→ INFORMATION
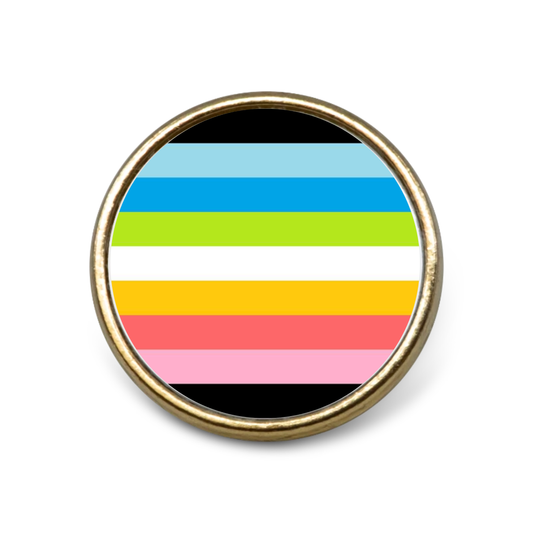 Gold badge on a white background featuring the queer pride flag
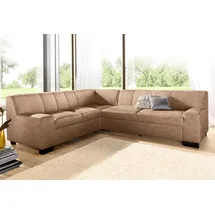 DOMO collection Ecksofa DOMO COLLECTION "Norma, moderne Armlehnen, zeitlos und elegant, Breite 247cm, L-Form", braun (café), B:247cm H:74cm T:212cm, Microfaser PRIMABELLE (100% Polyester);Kunstleder SOFTLUX;Struktur (90% Polyester, 10% Polyacryl);NaturLEDER (echtes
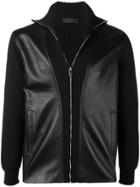 Prada Zip-up Leather Jacket - Black
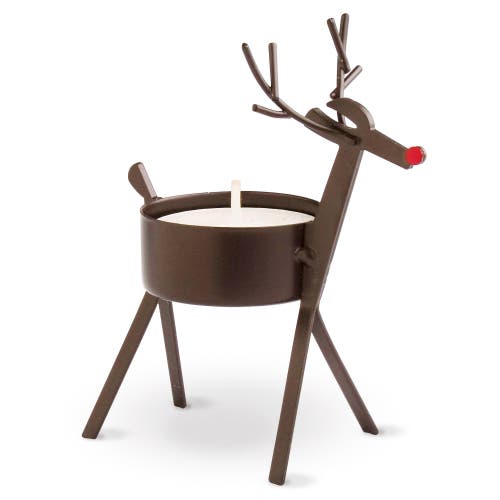 Tag Bronze Reindeer Tealight Holder For Christmas Decor In Brown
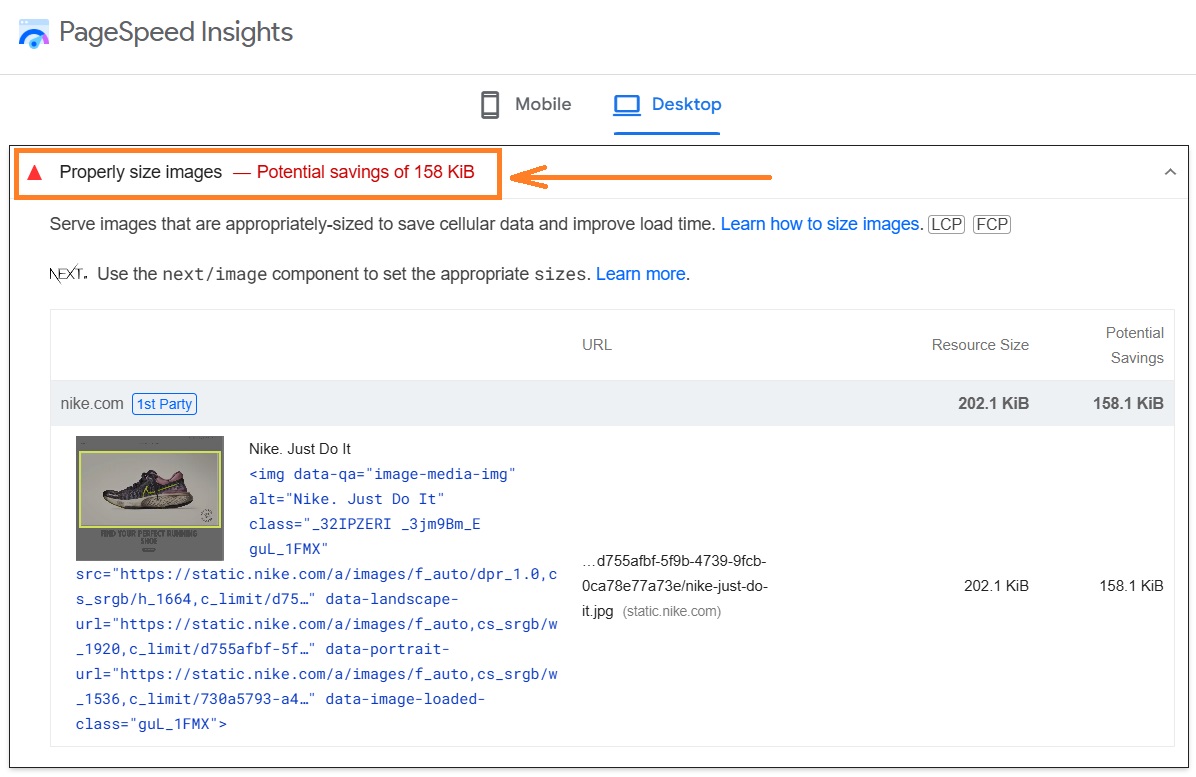 Oversized image PageSpeed Insights results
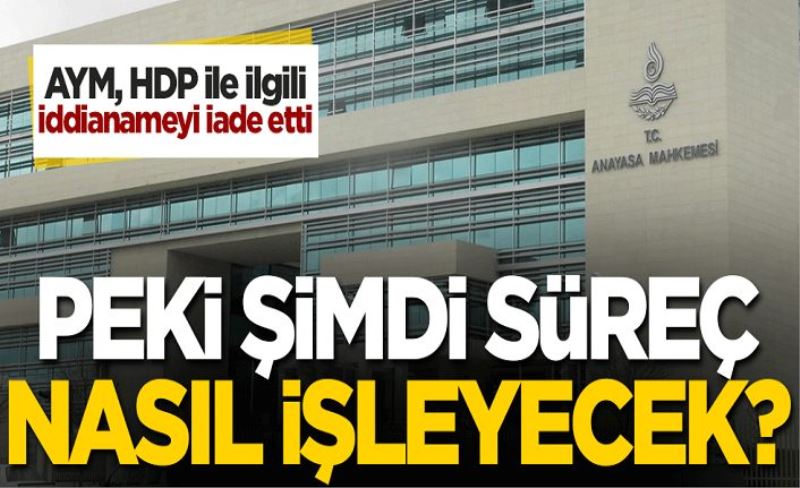 AYM, HDP ile ilgili iddianameyi iade etti! Peki şimdi süreç nasıl işleyecek?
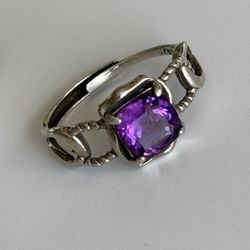 Amethyst Ring 💍💜 S 925 Silver Adjustable (size 8 )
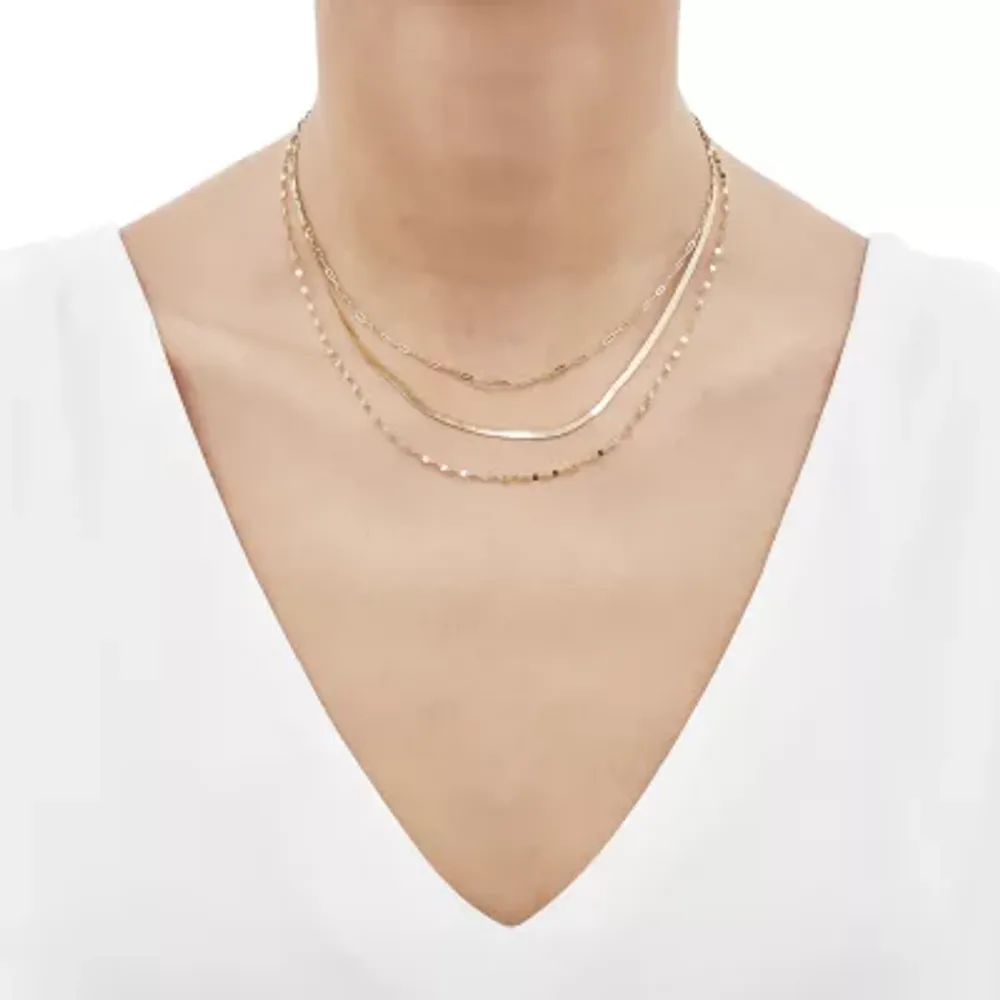 Womens 20 Inch 10K Gold Link Necklace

→ WHAT IS EXPECTED
Reproduce exactly, with every picture left out, the lines from the one that contains "Oversized image PageSpeed Insights results" to the final line of the records above.

→ ANSWER AREA
 Oversized image PageSpeed Insights results
 AYM, HDP ile ilgili iddianameyi iade etti! Peki şimdi süreç nasıl işleyecek?
 Amethyst Ring 💍💜 S 925 Silver Adjustable (size 8 )
 Womens 20 Inch 10K Gold Link Necklace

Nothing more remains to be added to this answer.